The outcome of all this Congressional drama was a lot of wasted taxpayer money conducting these hearings; a lot of gas was used by the oil executives flying around in their private jets to Washington which was charged to American taxpayers. Don’t hold your breath waiting for lawmakers to take any action. Congress would rather spend their time holding hearings, which are a little more than hot air, than take any action to open up drilling areas, enact windfall profits taxes and eliminate tax breaks for the big oil companies. If lawmakers were serious about bringing down oil prices, they would open these untapped domestic resources. That would ease our dependence on imports and boost energy supplies.

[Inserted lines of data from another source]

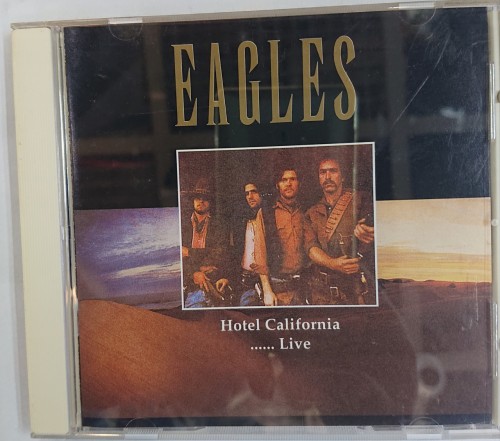 二手98%新 cd Eagles hotel california... live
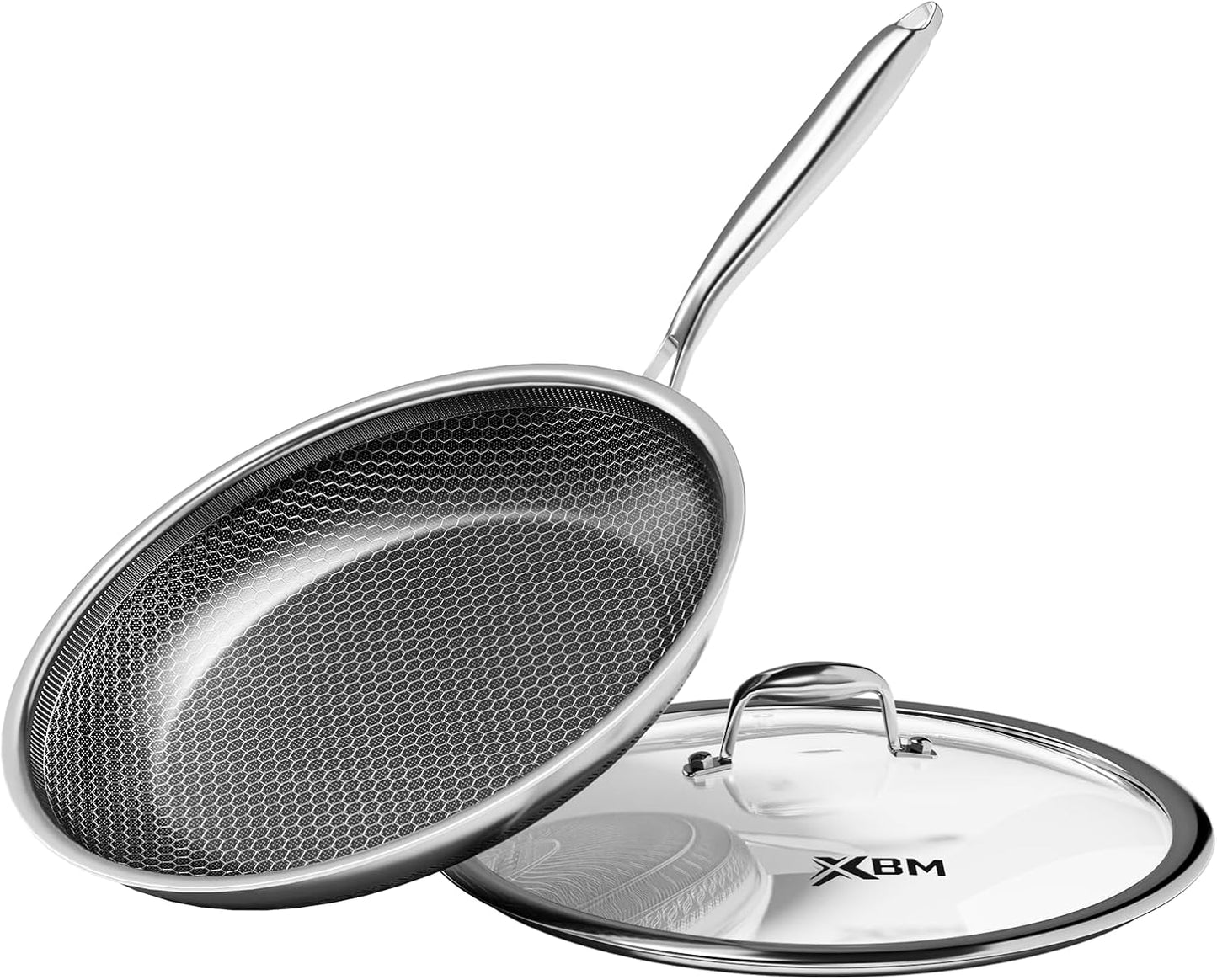 Sartén antiadherente acero inox 12pulg comp inducción sin PFOA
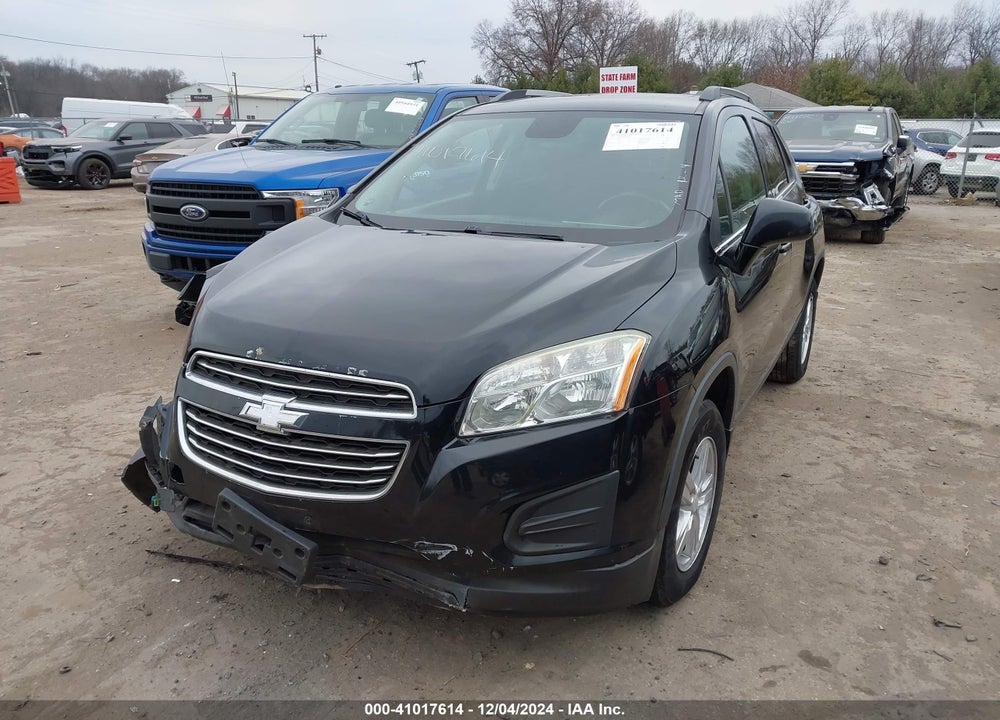 2016 CHEVROLET TRAX LT VIN: 3GNCJPSB0GL146596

What can Americans do? Write or call your congressional Representatives http://www.usa.gov/Contact/Elected.shtml or http://w2.eff.org/congress/ and demand they:
1) Enact a Federal Price Gouging law to prevent oil companies from ripping off American Consumers
2) Enact a ‘wind-fall’ profits tax for oil companies who enjoy record-breaking profits while refusing to invest their money in drilling for oil in this country
3) Require the government to lift drilling location restrictions in The Arctic National Wildlife Refuge, the Rocky Mountains, the eastern Gulf of Mexico and the outer continental shelf, while doing so in an environmental friendly manner
4) Remove the tax breaks Mr. Bush gave big oil companies so $33 billion can be added back into the coffers of the American tax payers.